Half of the computers had in fact not been securely wiped. In one case there had been no attempt to wipe the contents whatsoever. Worryingly, data retrieved from two of the computers contained information that could be used by an identity thief.

Professor Gill, commented: "The fact that we found so much personal information through a focused study indicates that the potential for fraud and identity theft from the second hand PC market is huge. More and more of us use PCs to conduct our personal business. We must all be careful not to overlook the virtual information trail that we leave behind us."

He continued: "Simply re-formatting a hard drive is not enough to make data irretrievable. Anyone disposing of a personal computer must ensure that all data is securely wiped using specialist software to wipe over every sector of the hard drive."

Computer one

Data retrieved included: bank account details; correspondence with a bank noting change of email address; membership details for a DVD website including username and password; details of a CV outlining qualifications and where the person studied.

Alarmingly this computer was bought via an internet auction. The seller not only said that the computer had been re-formatted but he also noted that 20 more of his clients’ old computers were shortly going to be made available for auction.

On this evidence, Professor Gill believes that internet auction sites represent a good opportunity for identity fraudsters to obtain previously used computers. Indeed, based on the results of a search conducted across one popular auction website on 24th January 2006 as many as 13,000 second hand or refurbished laptops and PCs are up for auction at any given time.

Computer two

Computer two contained data on: Full name and details (sort code and account numbers) for eight separate accounts with a major high street bank; username and password for an ISP account; an e-mail from a travel firm confirming details of a new online account - including password; letters of correspondence confirming the user’s address.

Interestingly computer two also appears to have been used for business purposes and contained sensitive information. There was a spreadsheet which contained details of creditors, payroll, the income tax due, the bank overdraft and the VAT due. There were also lists of around 250 names and addresses of past and present customers.

But it’s not just those that sell their unwanted computers that are under threat. The reports’ sponsor Capital One, which offers free identity theft and fraud protection and assistance services, points out that disposing of a PC is just as dangerous. One only has to visit a local refuse centre to find discarded computers and hard drives that can be picked up for free - or for a small charge.

Justin Basini of Capital One, commented:

"To date most of the advice surrounding protecting oneself against fraud and identity theft has centred around looking after personal, paper-based documentation. But that won’t account for the digital fingerprints that we leave behind on our PCs. We hope that our study will alert people to the dangers and encourage them to thoroughly cleanse computers before letting them out of their possession."
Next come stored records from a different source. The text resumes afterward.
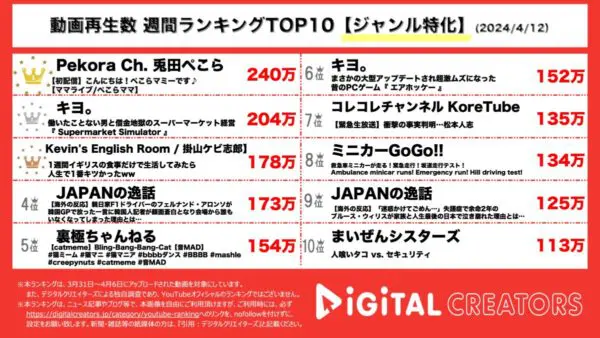 バーチャルYouTuber『Pekora Ch. 兎田ぺこら』が母「ぺこらマミー」登場の配信動画で1位を獲得！2位に『キヨ。』、3位に『Kevin’s English Room / 掛山ケビ志郎』がランクイン！【週間YouTubeジャンル特化ランキング】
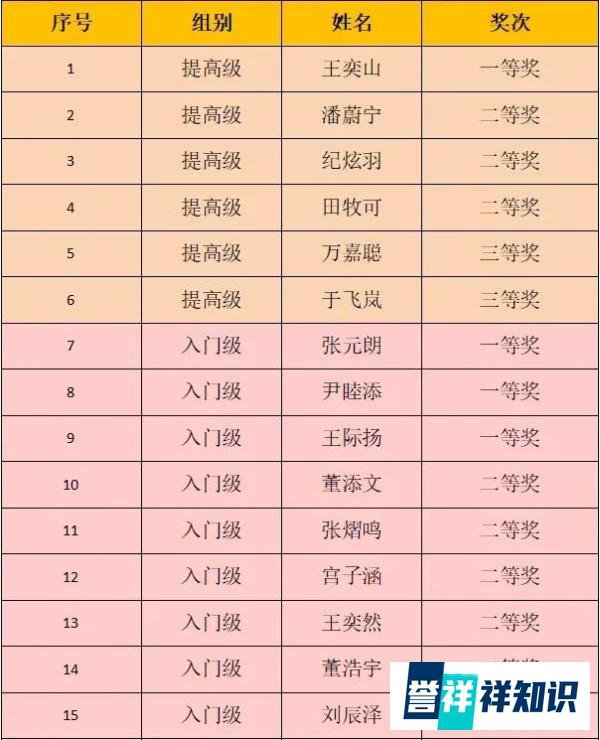青岛39中、59中、四实验等学校获评全国青少年信息学奥赛金牌学校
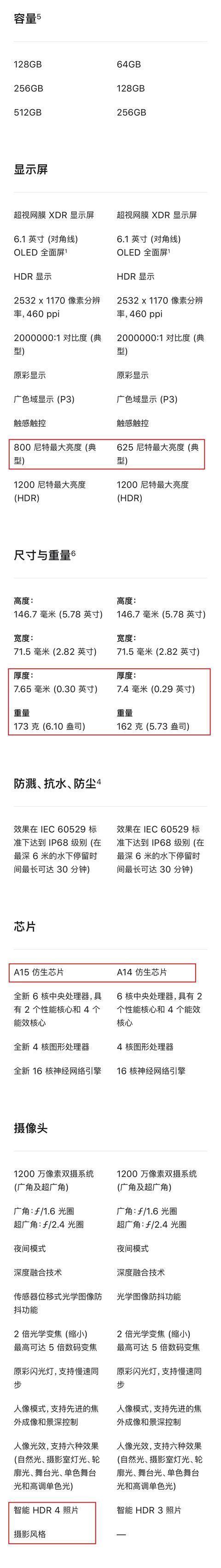 iphone|一张图看懂iPhone13与iPhone12的详细参数，这400块到底差在哪？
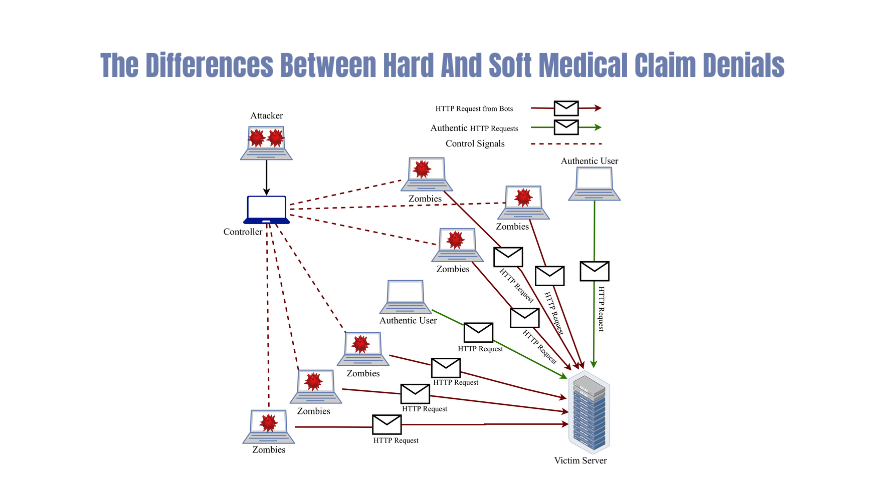 The Differences Between Hard And Soft Medical Claim Denials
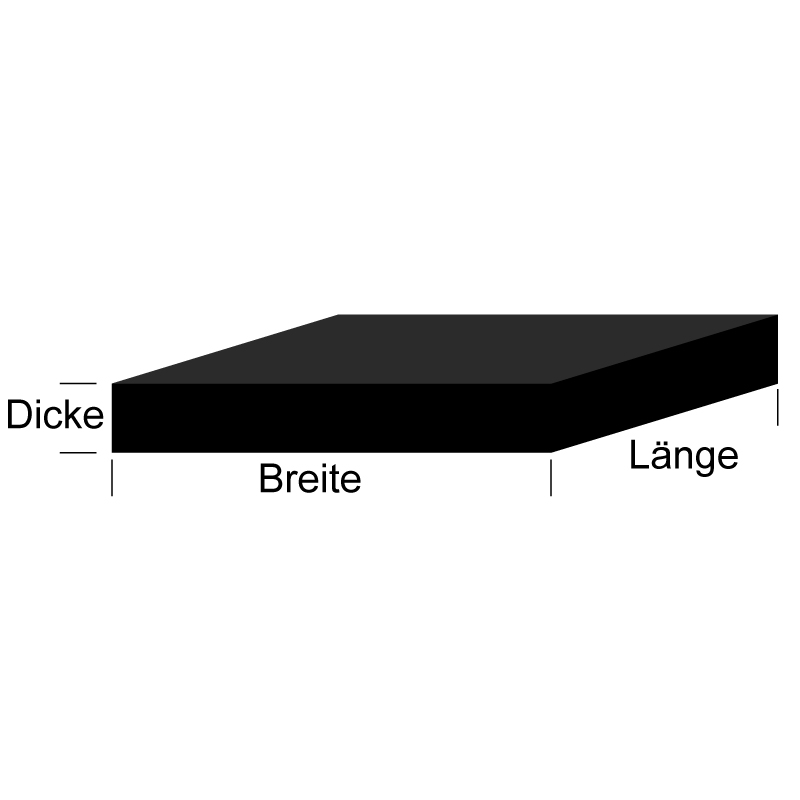 Bandblech / EN 485-2 / EN 485-4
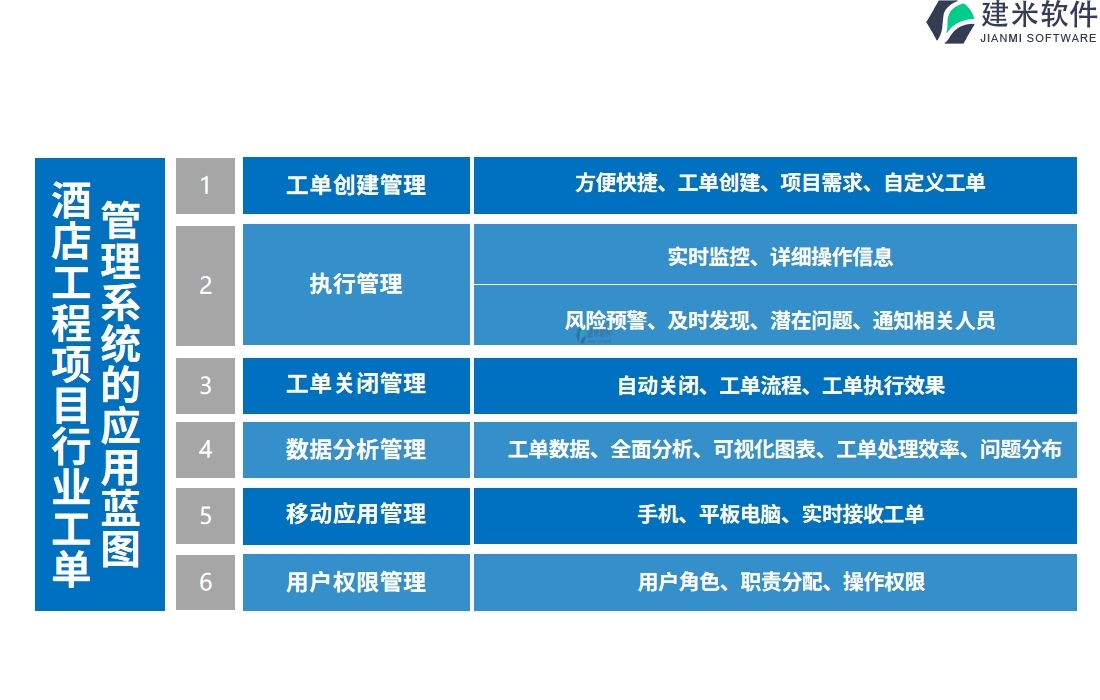 酒店工程项目行业工单管理系统的应用蓝图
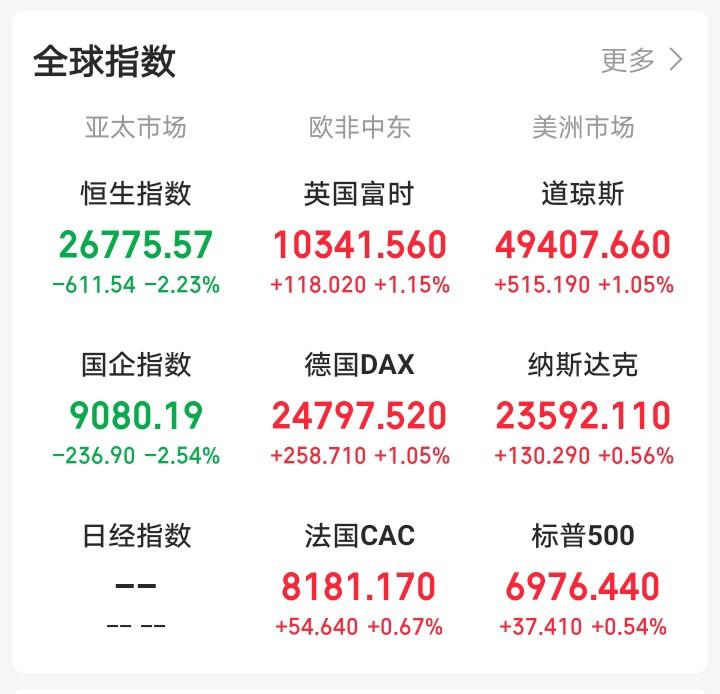 昨天晚上还想着大A跌的这么惨，今天大A还会反人性下跌！

一觉醒来，眼前一亮。重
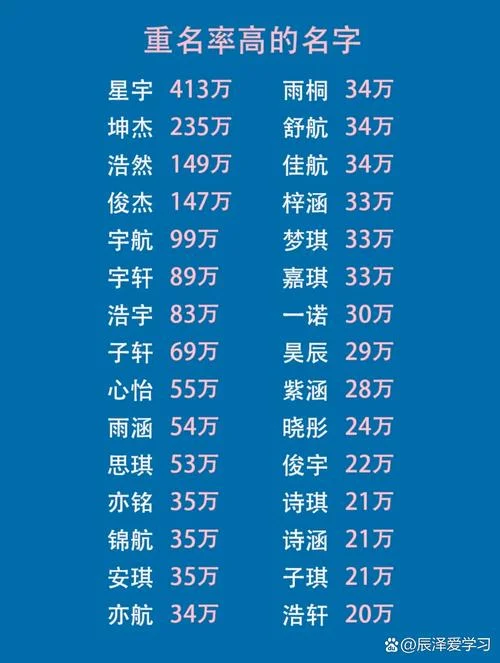 如何查重名_1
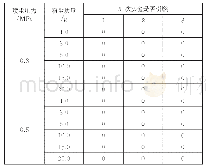 《表2 明火引燃煤粉实验结果》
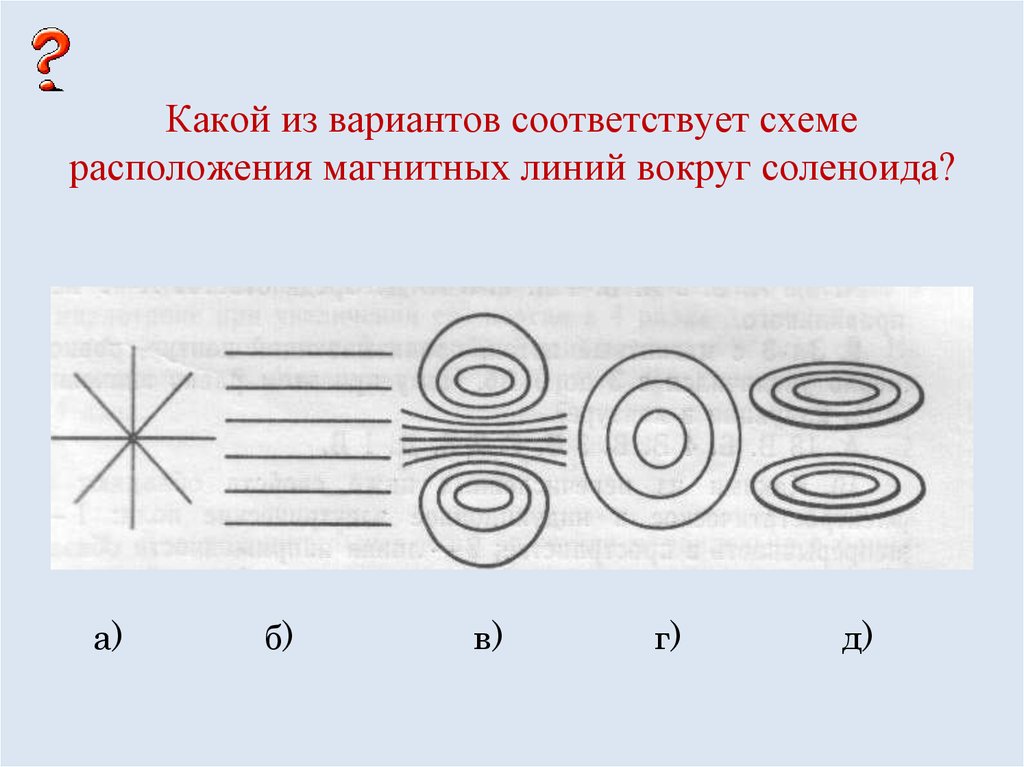 Ученик изобразил рисунок расположения магнитных стрелок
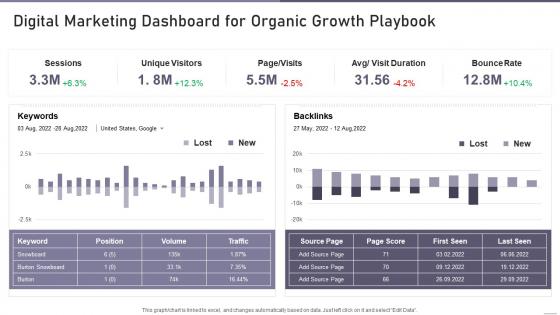 Digital Marketing Dashboard For Organic Growth Playbook Ppt Inspiration Grid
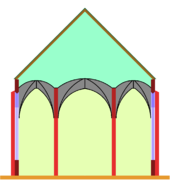 Église-halle. Elle peut avoir plusieurs toits traverses au lieu du grand toit longitudinal.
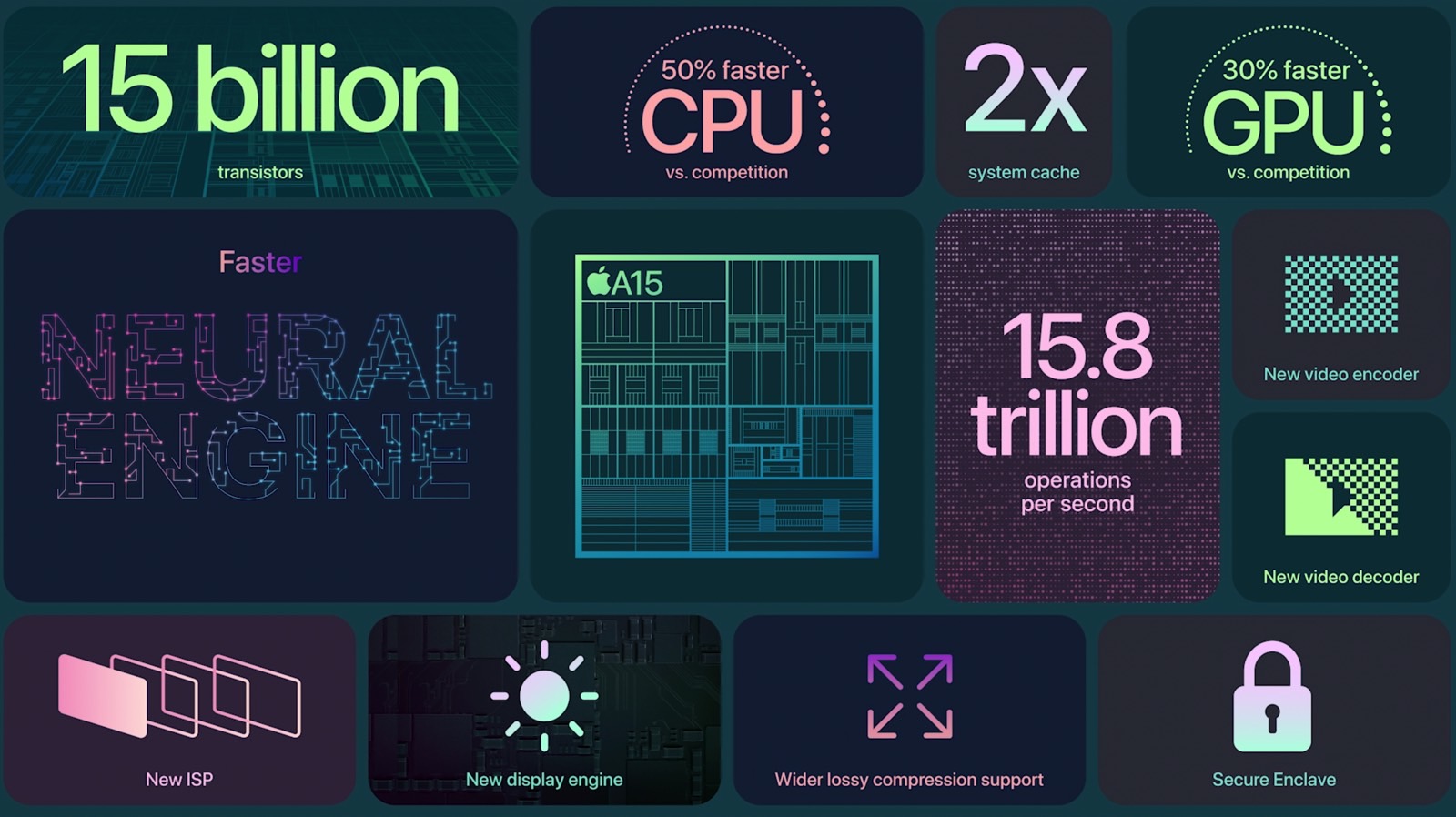 iphone 14 has which bionic chip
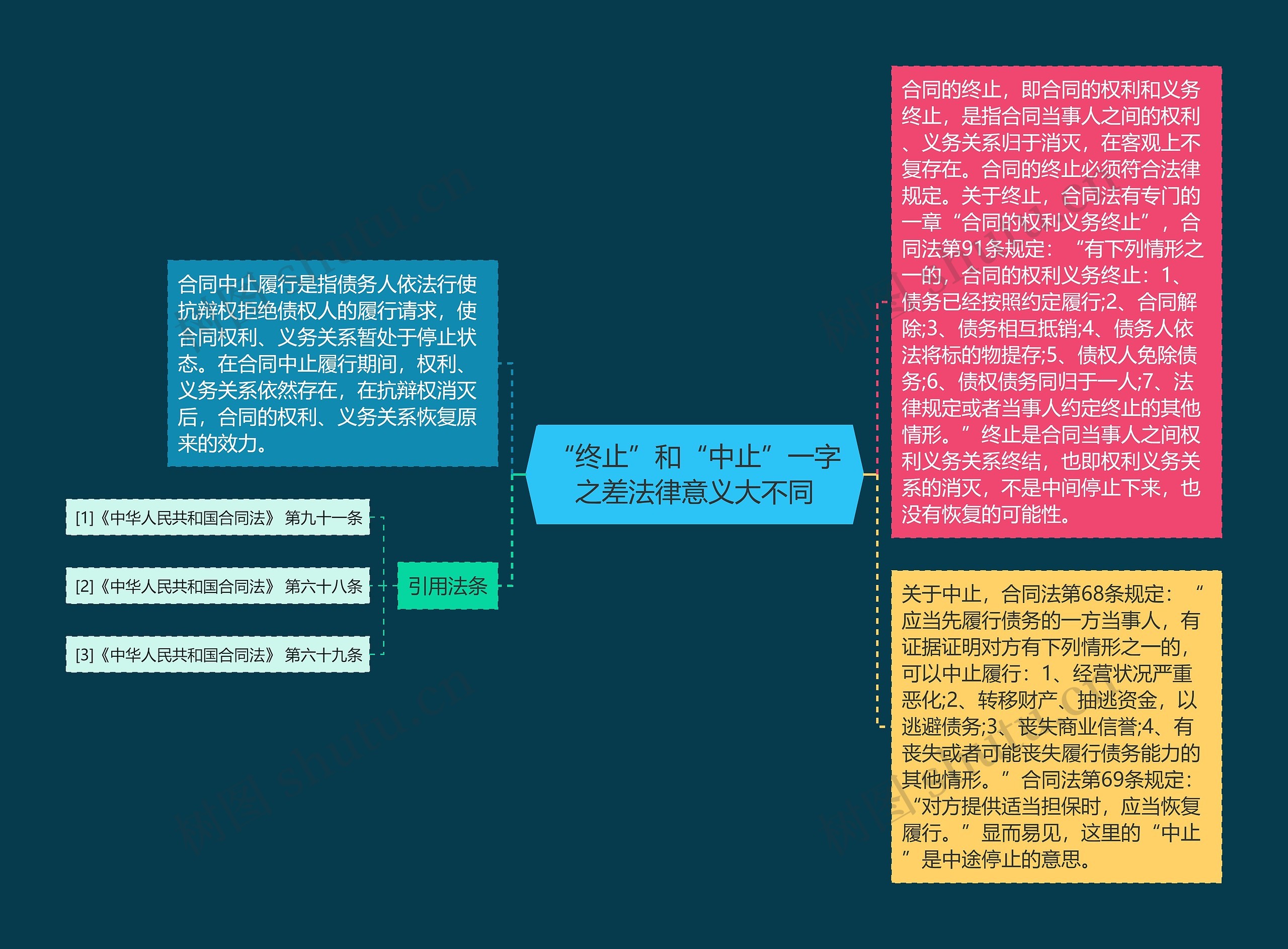 “终止”和“中止”一字之差法律意义大不同思维导图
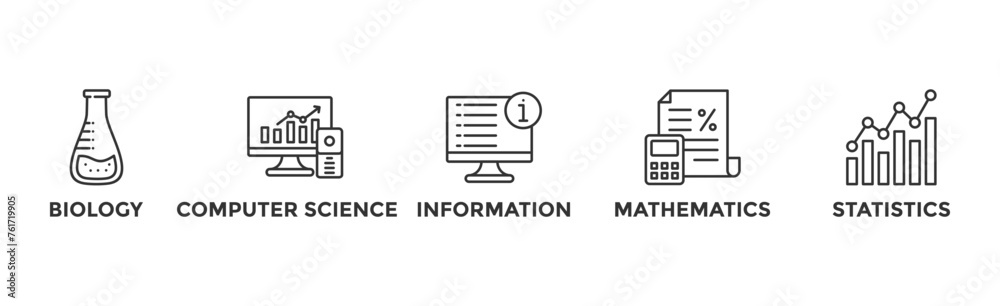 Bioinformatics banner web icon vector illustration concept with icon of biology, computer science, information engineering, mathematics and statistics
Identity theft occurs when criminals steal and use your personal information, such as your social security number and date of birth, to assume your identity and make telephone or online purchases or open up credit card accounts and other lines of credit in your name.

These crimes are facilitated by the relative ease with which offenders can gain information and personal documentation about people. According to research published by CIFAS2, there were approximately 60,000 victims of identity theft in 2005 (a 14 per cent increase over 2004) and APACS3 reports that 7 per cent of all plastic fraud is related to identify fraud, costing approximately £37 million last year alone.

Basic advice for wiping data from a PC

1. Remember that the delete function does not securely wipe/erase the data. Much of it will be retrievable.

2. Reformatting the hard drive does not wipe/erase the data.

3. Always wipe the whole hard drive using a specialist software application before disposing of the computer. For this study Professor Gill and his team wiped all the data from the computers afterwards using a software programme called Encase Version 4.22.

4. If in doubt, seek professional advice before letting the PC out of your possession.